The TUPE Regulations apply when there is a business transfer or a service provision change. A business transfer is where an economic entity transfers to a new owner and remains an identifiable economic entity after the transfer. A service provision change occurs when a client engages a contractor to carry out some work on its behalf i.e. contracting out, retendering, or bringing work in house from a previous contractor.
TUPE does not apply when the business transfer occurs by
- share takeover
- transfers of assets (Sales of equipment only)
- supply of goods for clients own use
- transfer outside the UK (Check legislation of destination country)
- some bankruptcy and insolvency situations
What is the impact on a business purchase?

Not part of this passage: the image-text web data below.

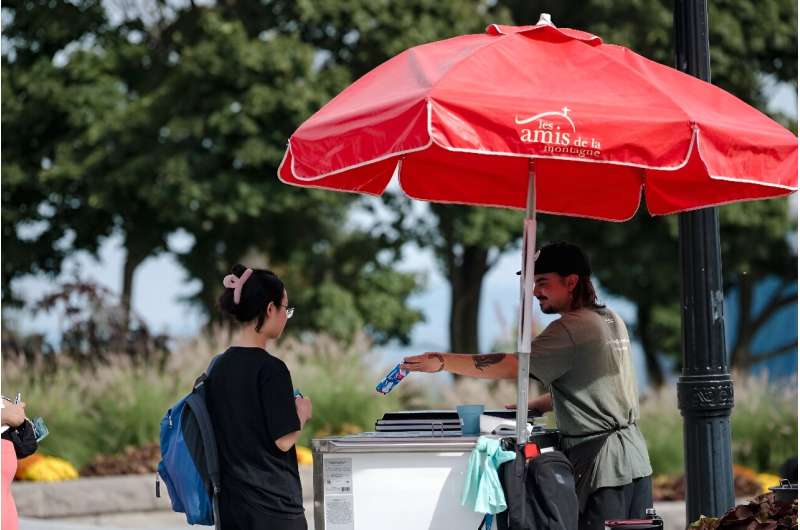 A woman buys ice cream during an unusual autumn heatwave in Montreal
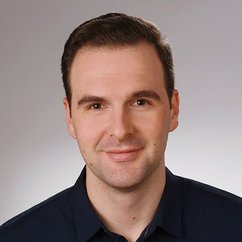 Ein junger Mann mit einem freundlichen Lächeln und kurzen, dunklen Haaren, trägt ein dunkelblaues Hemd.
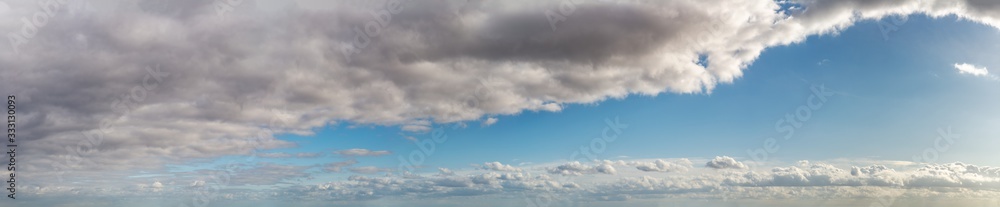 Fantastic clouds against blue sky, panorama Fantastic clouds against blue sky, panorama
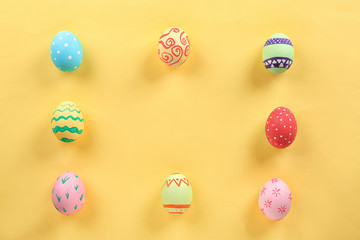 Decorated Easter eggs on color background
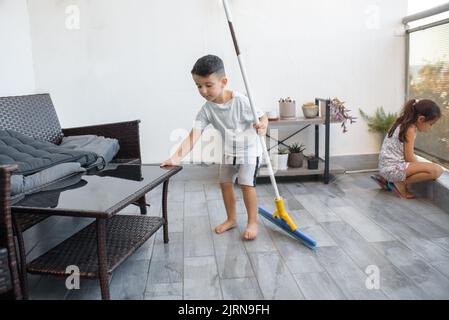 Lustige junge Kind Reinigung Boden zu Hause. Junge Waschboden mit Wischstock auf dem Balkon der modernen Wohnung. Männlicher Haushalt hilft ordentlich Haus. Kinder helfen gerne bei der Hausreinigung. Stockfoto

Regardless of the application of TUPE in addition to the employees, you will also be getting the responsibility to honour all existing employment contracts, terms and conditions of employment. You will be taking responsibility for any on-going disputes, tribunal claims and collective agreements relating to the transferring employees.
If TUPE applies you must enable the employees to enjoy exactly the same terms and conditions and continuity of employment as they did under the previous employer. You may be able to make changes to the transferred employees terms and conditions if you are able to prove that these changes are for economical, technical or organisational reasons (ETO) but you will need to ensure that a fair procedure is followed. In practice, the scope for acceptable ETO reasons is very narrow and difficult to prove and any changes can lead to Constructive Dismissal claims..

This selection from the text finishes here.